Sales for Marvel Comics were down in late 2016 and according to their Senior Vice President of Sales, Print & Marketing, David Gabriel, it appears to be due to the publisher’s focus on bringing more diversity to their line. He stated that sales took a nose-dive in October and November and states that this was an across-the-board drop for all comics, not just Marvel. And that Diamond Distributors reported huge returns on a lot of books.
“There was probably a little too much product going out at that time. We all got a good kick in the ass over that”
He also added:
“I don’t know if those customers with the tastes that had been around for three years really supporting nearly anything that we would try, anything that we would attempt, any of the new characters we brought up, either they weren’t shopping in that time period, or maybe… their tastes have changed.
“There was definitely a sort of nose-turning at the things that we had been doing successfully for the past three years, no longer viable. We saw that, and that’s what we had to react to.”

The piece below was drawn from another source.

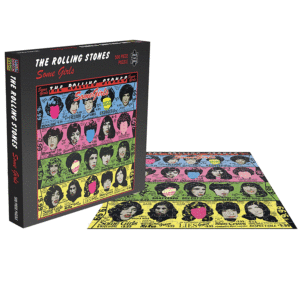 Rolling-Stones-Some-Girls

And a lot of what the publisher had been doing– and seemingly succeeding at– during those three years was bringing diversity to their line. Biracial Miles Morales, the ‘Unlimited’ Spider-Man was incorporated into the mainstream (616) Marvel Universe, where he worked with both the original Peter Parker Spider-Man as well as Tony Stark as an Avenger. Meanwhile Jane Foster replaced the original Thor in his book, Kate Bishop now serves as ‘Hawkeye,’ Asian American teen Amadeus Cho is the new ‘Totally Awesome Hulk’ and African American Sam Wilson graduated from The Falcon to Captain America. More recently, female African-American teen Riri Williams replaced ‘Iron Man’. In addition, Marvel has elevated a number of female characters to headliners, including ‘Captain Marvel’, ‘Spider-Woman’, ‘Squirrel Girl’, ‘Ms. Marvel’ (who is also Pakistani and Muslim), ‘Moon Girl and Devil Dinosaur’, ‘Patsy Walker: Hell-Cat’, ‘Spider-Gwen’ and ‘Gwen Pool’, not to mention the all-female team ‘A-Force’. More recently, Latina, bisexual ‘Miss America’ was given her own series.
But was that too much and too alienating to the Caucasian male readers that have been with the hobby for decades?
“What we heard was that people didn’t want any more diversity. They didn’t want female characters out there. That’s what we heard, whether we believe that or not. I don’t know that that’s really true, but that’s what we saw in sales.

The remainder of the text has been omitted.